🤖 AI Summary
This work addresses the challenges in existing reinforcement learning–based approaches for large language models, which often struggle to effectively enhance reasoning capabilities due to high annotation costs, model collapse, or reward hacking. The authors propose EasyRL, a novel framework that, for the first time, incorporates human cognitive learning curves into reinforcement learning for large language models. By combining supervised reinforcement learning initialization with a difficulty-progressive self-evolution mechanism, EasyRL leverages only 10% of easily annotated data and employs consistency-based selection, reflective parsing, and iterative pseudo-label generation to enable divide-and-conquer self-training on unlabeled hard examples. The method substantially outperforms current state-of-the-art baselines on mathematical and scientific reasoning benchmarks, achieving data-efficient and robust model self-evolution.
📝 Abstract
Previous LLMs-based RL studies typically follow either supervised learning with high annotation costs, or unsupervised paradigms using voting or entropy-based rewards. However, their performance remains far from satisfactory due to the substantial annotation cost and issues such as model collapse or reward hacking. To address these issues, we introduce a new perspective inspired by cognitive learning theory and propose a novel approach called EasyRL. The core of EasyRL is to simulate the human cognitive acquisition curve by integrating reliable knowledge transfer from easy labeled data with a progressive divide-and-conquer strategy that tackles increasingly difficult unlabeled data.
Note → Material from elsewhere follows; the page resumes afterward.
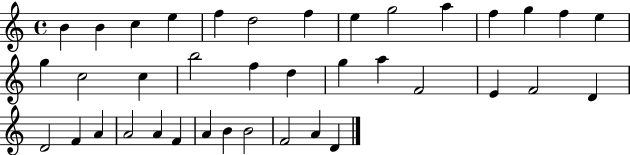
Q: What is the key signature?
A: C major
Specifically, we initialize a warm-up model using supervised RL with few-shot labeled data. This is followed by a divide-and-conquer pseudo-labeling strategy on difficult unlabeled data, combining consistency-based selection for low-uncertainty cases and reflection-based resolution for medium-uncertainty cases. Finally, difficulty-progressive self-training with iterative pseudo-labeling and RL further strengthens the model's reasoning capability. EasyRL provides a unified self-evolving framework that facilitates data-efficient post-training of LLMs. Experimental results on mathematical and scientific benchmarks demonstrate that EasyRL, using only 10% of easy labeled data, consistently outperforms state-of-the-art baselines.